- Born: Mary-Anne Waterman 19 August 1955 (age 70) Melbourne, Victoria, Australia
- Occupations: Actress; comedian; screenwriter; author;
- Years active: 1981–present
- Spouse(s): Ian McFadyen Morris Gleitzman (1994 – 2011) Paul Jennings

= Mary-Anne Fahey =

Australian actress, comedian and writer

Mary-Anne Fahey (born 19 August 1955 as Mary-Anne Waterman) credited also as Maryanne Fahey, is an Australian actress, comedian, screenwriter and children's author.

==Career==
Fahey has starred in and written for numerous TV and film comedy programs including The Comedy Company, Kittson Fahey, the first Australian female-only sketch comedy program, Get a Life and One Size Fits All. She had roles in Future Schlock, The Dunera Boys, All the Rivers Run II, Celia, Lucky Break and SeaChange. She has received roles in theatre including Mary Lives!.

Fahey is most famous for her work on Channel Ten's The Comedy Company especially for her school girl character, Kylie Mole, and three-year-old "Jophesine", the Play School Sketches with Glenn Robbins and the "Bedscene" sketches with her then real-life husband Ian McFadyen.

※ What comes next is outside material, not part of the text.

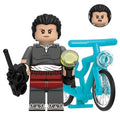 Eleven From Stranger Things TV Series Minifigure - Minifigure Bricks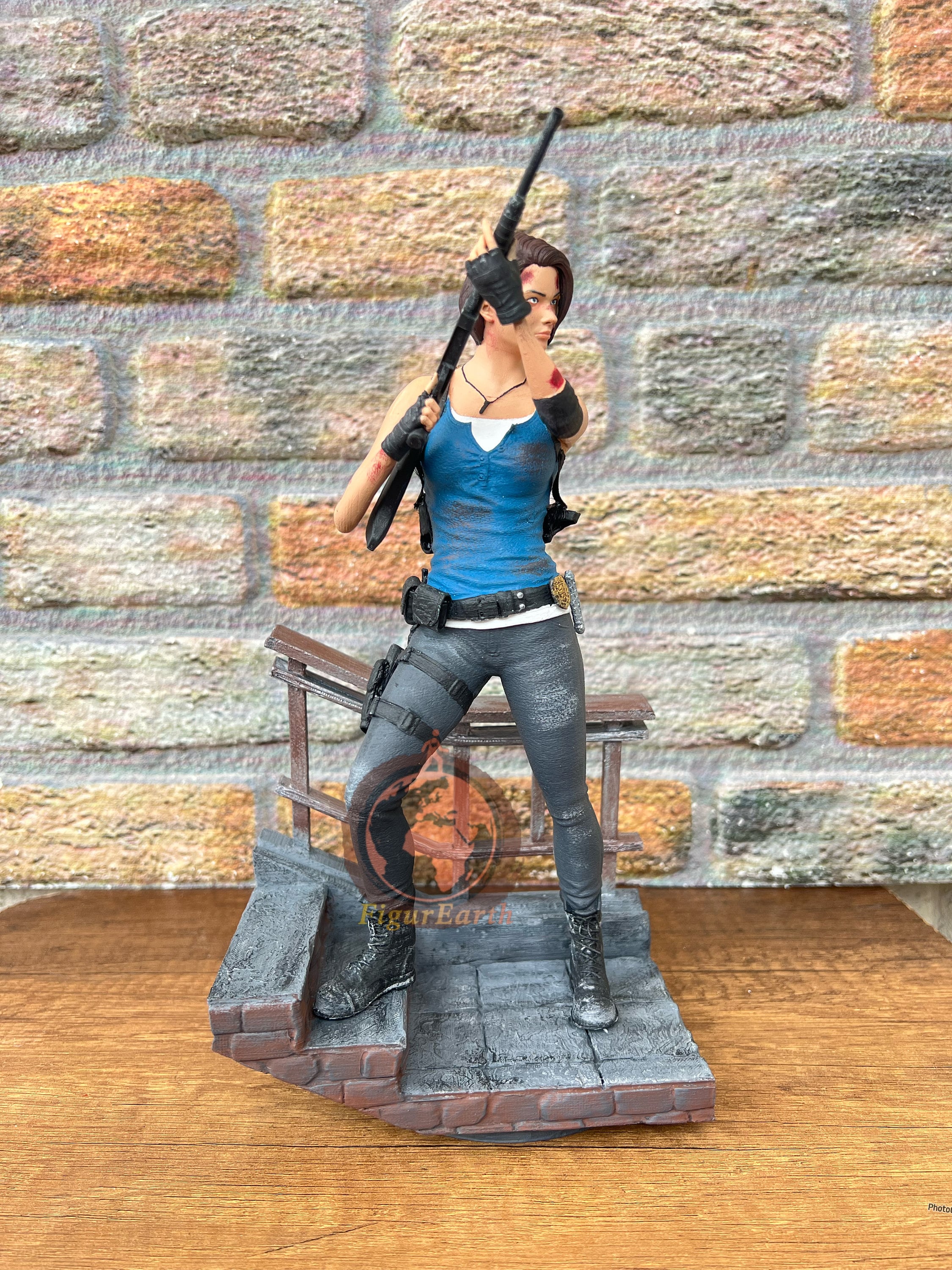 Handmade Jill Valentine Figure: Resident Evil Statue - Etsy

In the 1980s she appeared in an advertisement for David Reid electronics, which was promoting the Commodore Amiga 500.

===Kylie Mole===

Fahey's Kylie Mole character—a scowling schoolgirl—was so popular she published the best-selling novel My Diary by Kylie Mole. She released a Double A-Side single with tracks "So Excellent"/"I Go, I Go", which hit #8 on the Australian ARIA chart in November 1988. A music video for "So Excellent" was filmed. The Kylie Mole character was one of several iconic characters that appeared in the show. Her characterisation especially resonated with Australian youth. The Australian adoption of the word "bogan" was first popularised in the media by Kylie Mole, and other phrases she used gained a wider currency.

==Later career==
Fahey lives in Melbourne and is concentrating on writing and children's theatre. In May 2007, she published her first children's novel, I, Nigel Dorking: An Autobiography about a Boy with an Unusual Vocabulary, a Suit of Armour and an Unshakeable Dream, Written by That Very Boy (Nigel Dorking), Grade Six (ISBN 0-143-30247-7 and ISBN 978-0-14-330247-6).

==Awards==
Fahey won a 1989 Logie Award for "Most Popular Light Entertainment/Comedy Personality" for her work on The Comedy Company. She has won an AWGIE Award and an Irish-dancing trophy where she came second in a competition of two.

==Personal life ==
Fahey has two sons. Thomas Fahey, from her first marriage, and James McFadyen, born 12 July 1990. Fahey and Ian McFadyen split up in 1992. From 1994 until 2011 her partner was children's writer Morris Gleitzman. He too has a background in comedy writing as a former writer for The Norman Gunston Show, and a satirical columnist for The Sydney Morning Herald and The Age.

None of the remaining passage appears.